* _Your assignment_:
Return the listing in full and exactly, but without a single picture.

* _The data_:
──────────

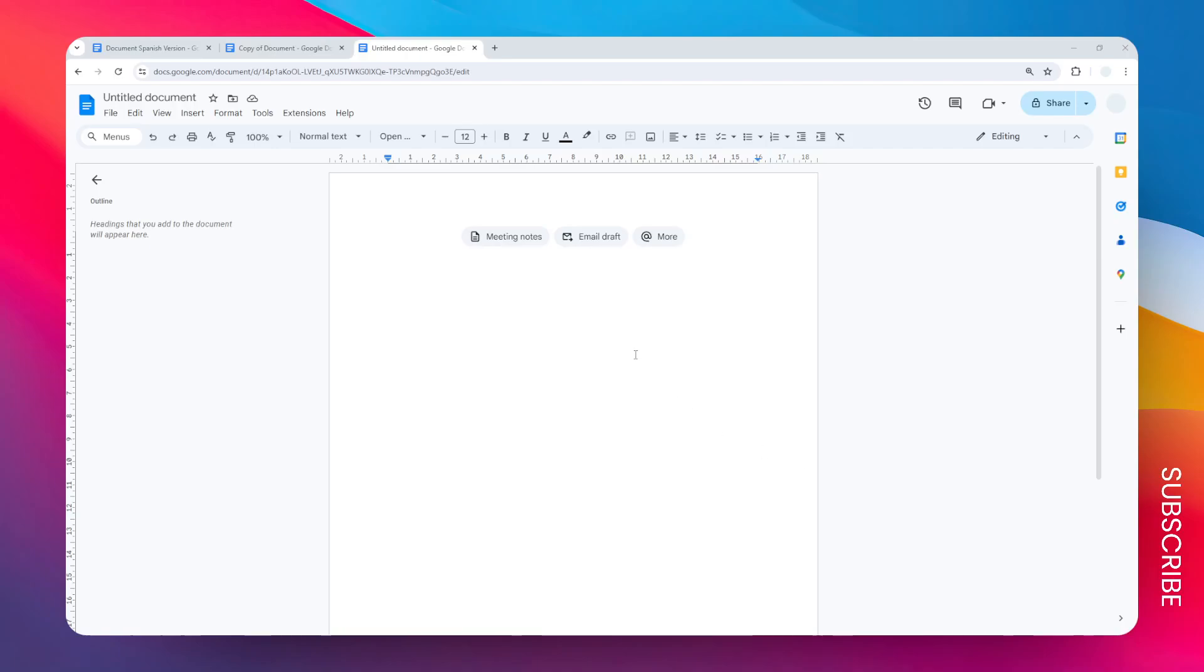This is the simplest way to create a lined document in Google Docs. First, I highly recommend you open a brand new document. You can use your existing document, but I prefer to use a brand new one because it will give us more freedom and flexibility, and you don't want to accidentally mess around with your current document.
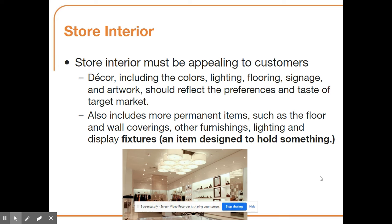The store interior is very important for merchandising products. It includes decor such as colors, lighting, flooring, signage, and artwork, which reflect the preferences of your target market and align with your brand. It also includes permanent items like floor and wall coverings, furnishings, lighting, and display fixtures. A fixture is an item designed to hold merchandise — such as racks and shoe displays.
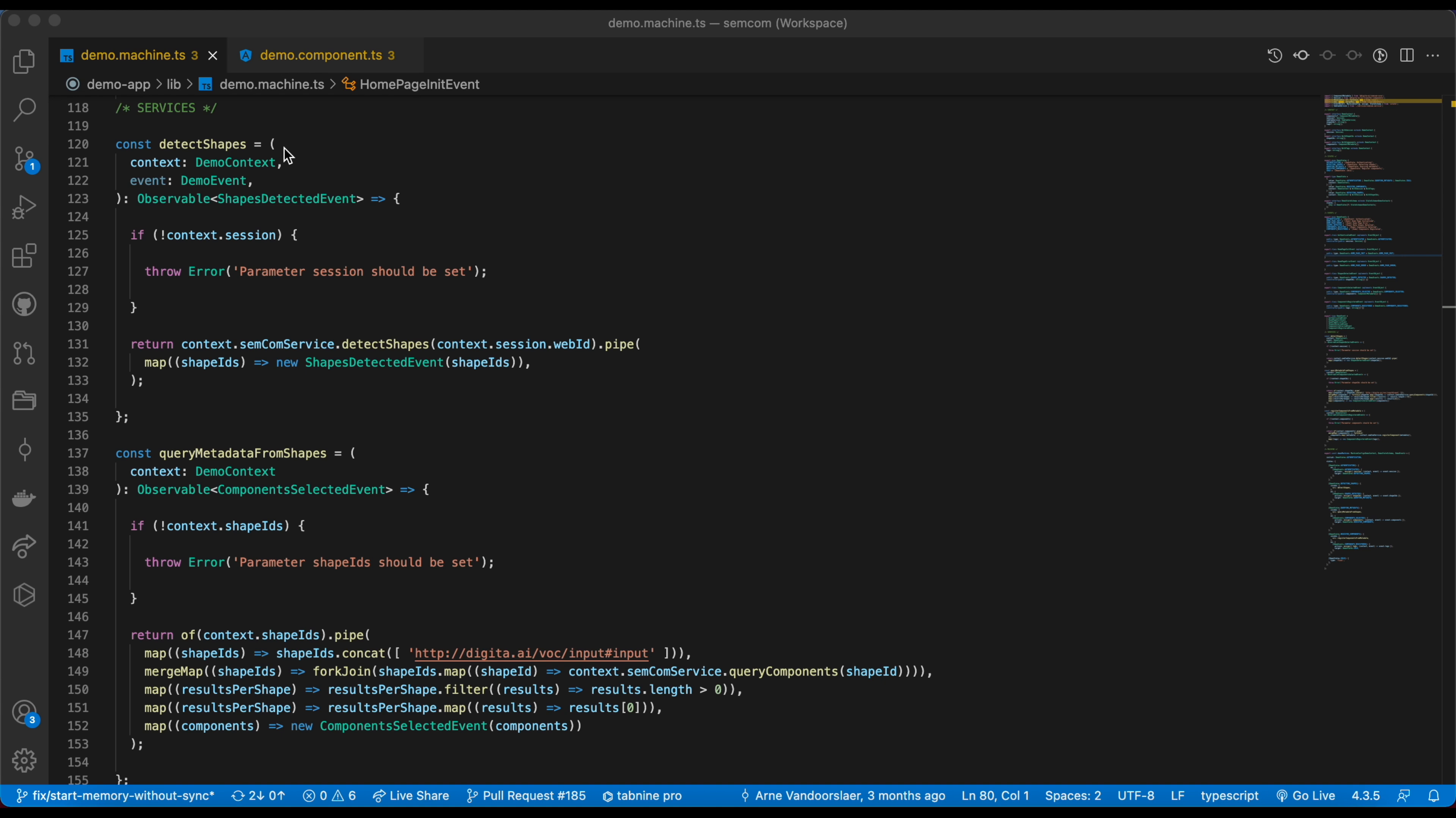First, the detect shapes function of the SEMCOM SDK scanned Tia's profile document of her pod and found among others a person shape and a payslip shape. Let's take a look at the code. Here you see the detect shapes function in action. You give detect shapes the URL to an RDF document. It will scan the document and create a list of data shapes, which in their current form are RDF classes.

──────────

* _Answer to this exercise_:
This is the simplest way to create a lined document in Google Docs. First, I highly recommend you open a brand new document. You can use your existing document, but I prefer to use a brand new one because it will give us more freedom and flexibility, and you don't want to accidentally mess around with your current document.
The store interior is very important for merchandising products. It includes decor such as colors, lighting, flooring, signage, and artwork, which reflect the preferences of your target market and align with your brand. It also includes permanent items like floor and wall coverings, furnishings, lighting, and display fixtures. A fixture is an item designed to hold merchandise — such as racks and shoe displays.
First, the detect shapes function of the SEMCOM SDK scanned Tia's profile document of her pod and found among others a person shape and a payslip shape. Let's take a look at the code. Here you see the detect shapes function in action. You give detect shapes the URL to an RDF document. It will scan the document and create a list of data shapes, which in their current form are RDF classes.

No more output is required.